News
April 15, 2022

American Oversight Files Brief in Opposition to Speaker Vos’ Attempt to Block Release of Records

On April 12, American Oversight asked the court to deny Wisconsin Assembly Speaker Vos’ belated motion to keep private more than 20,000 public records that had been released to American Oversight days before.

Docket Number 21-2521

Last week, American Oversight obtained more than 20,000 previously deleted records as part of litigation related to the Wisconsin Assembly’s partisan investigation of the 2020 election. But two days after the office of Assembly Speaker Robin Vos released the documents, Vos’ counsel asked the court to keep those records private — yet another effort to avoid and delay transparency, and an action that American Oversight on Tuesday challenged in court.

After business hours on Friday, April 8, Vos’ counsel filed a motion claiming that the records it had already released were confidential and asking the court to prohibit their release.

The documents included communications with prominent supporters of the stolen-election lie and information about lead investigator Michael Gableman’s contract extensions. The documents belonged to Vos, who, under pressure from former President Donald Trump, had ordered the probe in May 2021.

American Oversight on Tuesday filed a brief in opposition to what amounts to a flawed and meritless motion. Not only was Vos’ motion improper and untimely, it relies entirely on a plainly incorrect legal argument. 

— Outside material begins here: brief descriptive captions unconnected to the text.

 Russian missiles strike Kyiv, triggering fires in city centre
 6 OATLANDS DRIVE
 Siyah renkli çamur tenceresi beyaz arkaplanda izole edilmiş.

American Oversight’s brief argues that the defendants’ “unjustifiably expansive” interpretation of the law, if adopted, “would lead to the evisceration of the [Wisconsin] Open Records law’s application to the legislative branch.” 

Moreover, Vos failed to raise the issue of confidentiality during the court hearing on April 7, the day after the records were released, or in previous related filings. “In short, at the time Defendant produced records on April 6, Defendant had never asked Plaintiff to keep those records confidential (or taken steps to restrict their use in any other way),” American Oversight’s brief states.

American Oversight asked the court to reject Vos’ motion, arguing that “belated second thoughts about the production do not justify the extraordinary and unsupported relief he is seeking.” 

After filing our brief, American Oversight resumed processing and publishing the full production, which is available here.